→ Dataset section
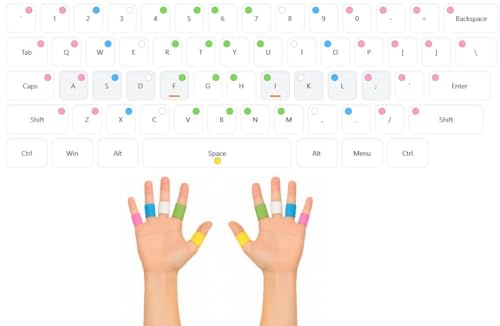 FingerGuides Color-Coded Typing Aid Kit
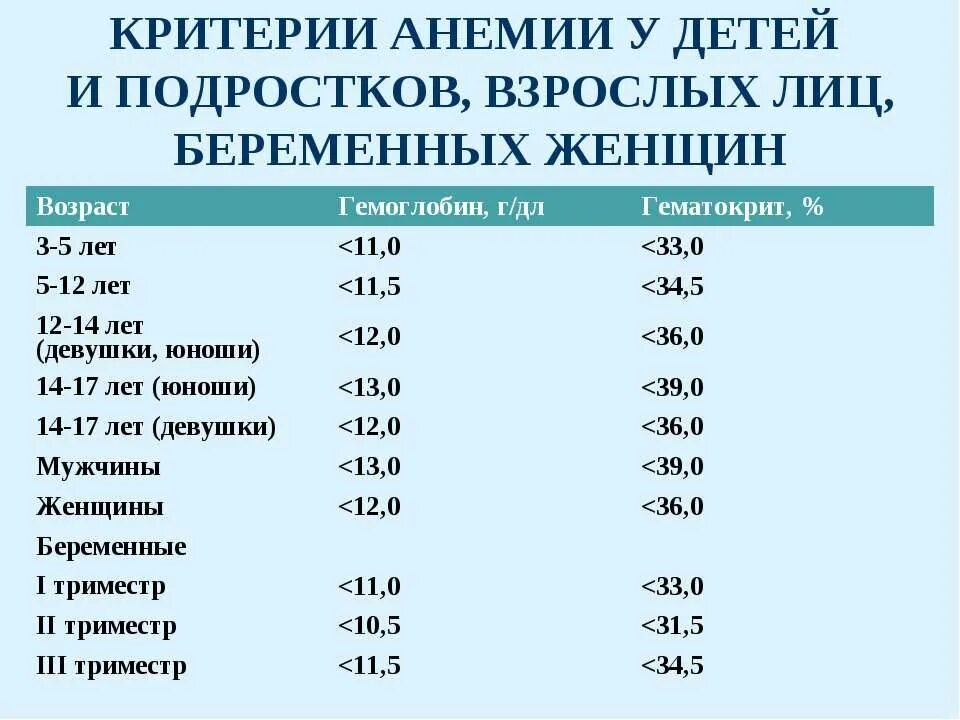 Анемия взрослый женщина лечение. Железодефицитная анемия у подростков. Признаки низкого гемоглобина у подростка. Анемия симптомы у подростков. Железодефицитная анемия у подростков девушек.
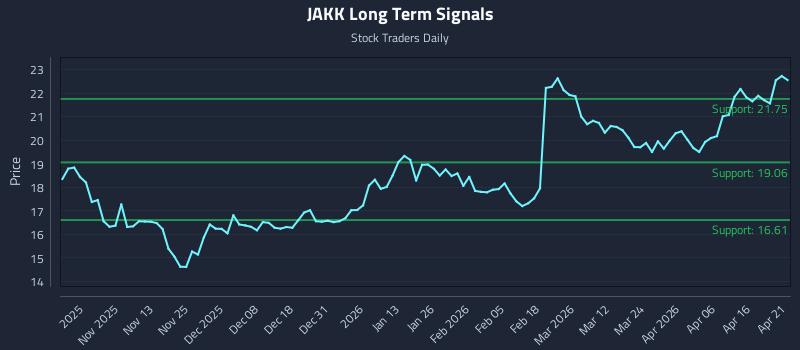 JAKK Long Term Analysis for April 22 2026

→ What you should do
Return the listing above in full and without alteration, excluding its pictures.

→ The answer
 FingerGuides Color-Coded Typing Aid Kit
 Анемия взрослый женщина лечение. Железодефицитная анемия у подростков. Признаки низкого гемоглобина у подростка. Анемия симптомы у подростков. Железодефицитная анемия у подростков девушек.
 JAKK Long Term Analysis for April 22 2026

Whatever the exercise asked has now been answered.